RE: Korean compression (was: Re: Ternary search trees for Unicode dictionaries)

From: Kent Karlsson (kentk@cs.chalmers.se)
Date: Mon Nov 24 2003 - 06:29:32 EST

  • Next message: Andrew C. West: "Re: creating a test font w/ CJKV Extension B characters."

    ...
    > >> Of course, no compression format applied to jamos could
    > >> even do as well as UTF-16 applied to syllables, i.e. 2 bytes per
    > >> syllable.

    I wonder why Hangul would need compression over and above
    any other alphabetic script... It has already quite a lot of compression
    in the form of precomposed syllables.
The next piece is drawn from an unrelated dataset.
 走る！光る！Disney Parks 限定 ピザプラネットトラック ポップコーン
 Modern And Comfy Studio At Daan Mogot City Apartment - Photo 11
I think we better start a project
    for allocating precomposed "syllables" for many other scripts,
    precomposed Latin script syllables, precomposed Greek script
    syllables, precomposed Tamil script syllables (most of the Brahmic
    derived scripts are especially disadvantaged, from a 'compression'
    viewpoint by the virama characters), etc. That should take up much
    of the excess space in the unused planes (3-13, decimal).
    Unfortunately that mean 4 bytes per non-Hangul syllable (before
    byte oriented compression is done), but that could be compensated
    by using an SCSU-like approach, just with bigger windows.

            No, this was not serious ;-)
            /kent k

    PS
    Hangul syllables are "LVT" (actually (L+)(V+)(T*)), not TLV.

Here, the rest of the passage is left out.